**MATERIAL PROVIDED**:
######
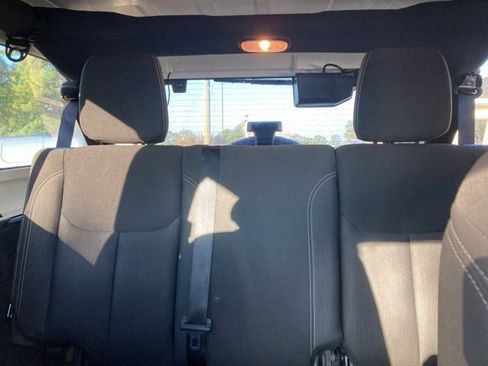 Used 2017 Jeep Wrangler Unlimited Sahara AWD/4WD image 26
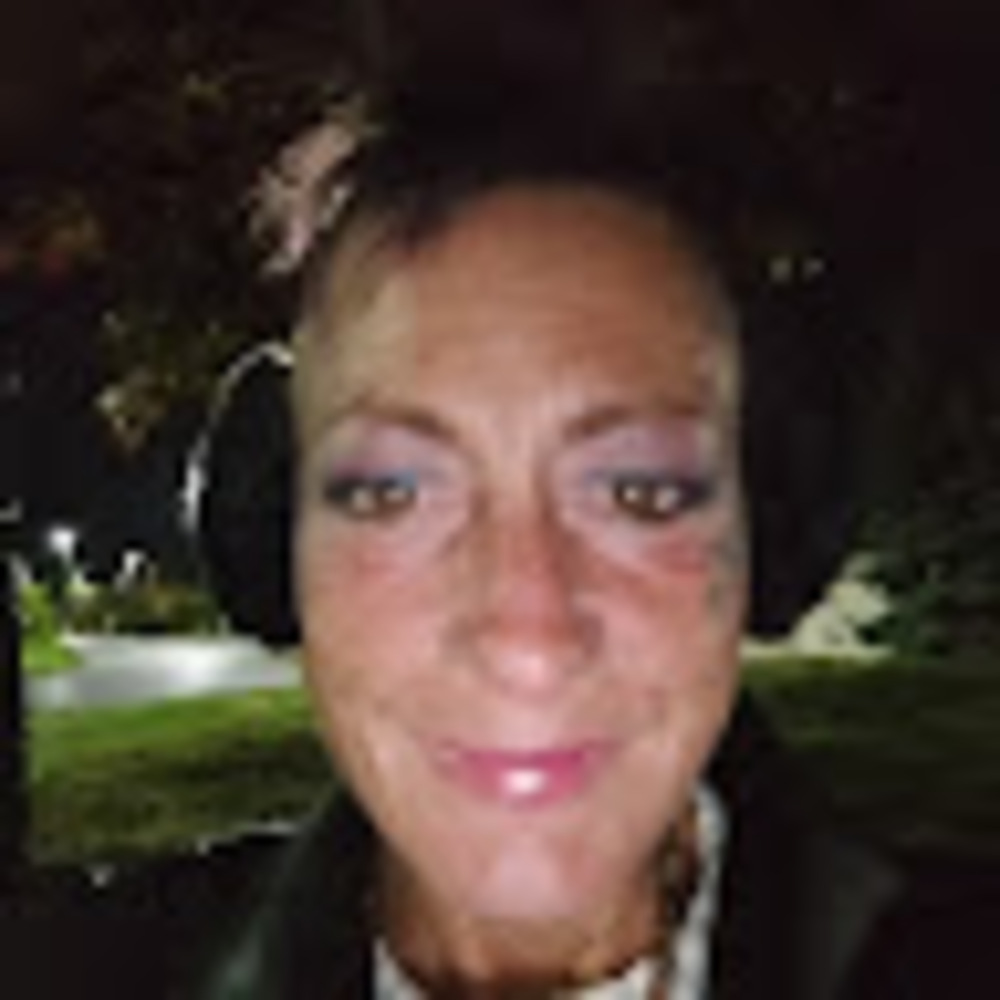 Meet your Posher, Dionne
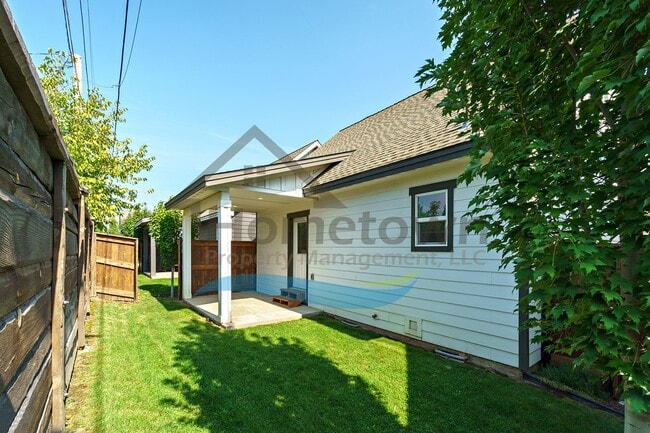 Building Photo - Craftsman-Style Home in Coeur d'Alene with 2 Bedrooms, 1.5 Bathrooms!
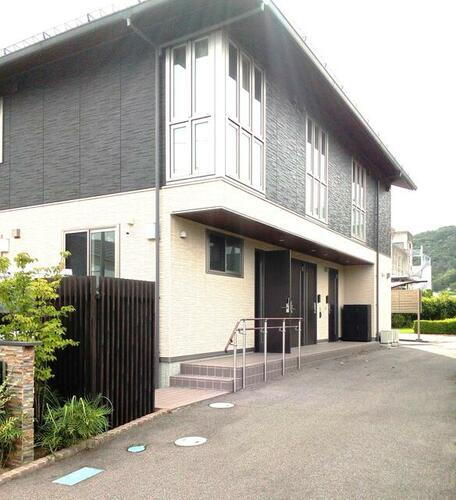 カメリアコート 2階建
######
**EXERCISE**: Give the data back exactly, omitting all pictures.

**TASK OUTPUT**:
 Used 2017 Jeep Wrangler Unlimited Sahara AWD/4WD image 26
 Meet your Posher, Dionne
 Building Photo - Craftsman-Style Home in Coeur d'Alene with 2 Bedrooms, 1.5 Bathrooms!
 カメリアコート 2階建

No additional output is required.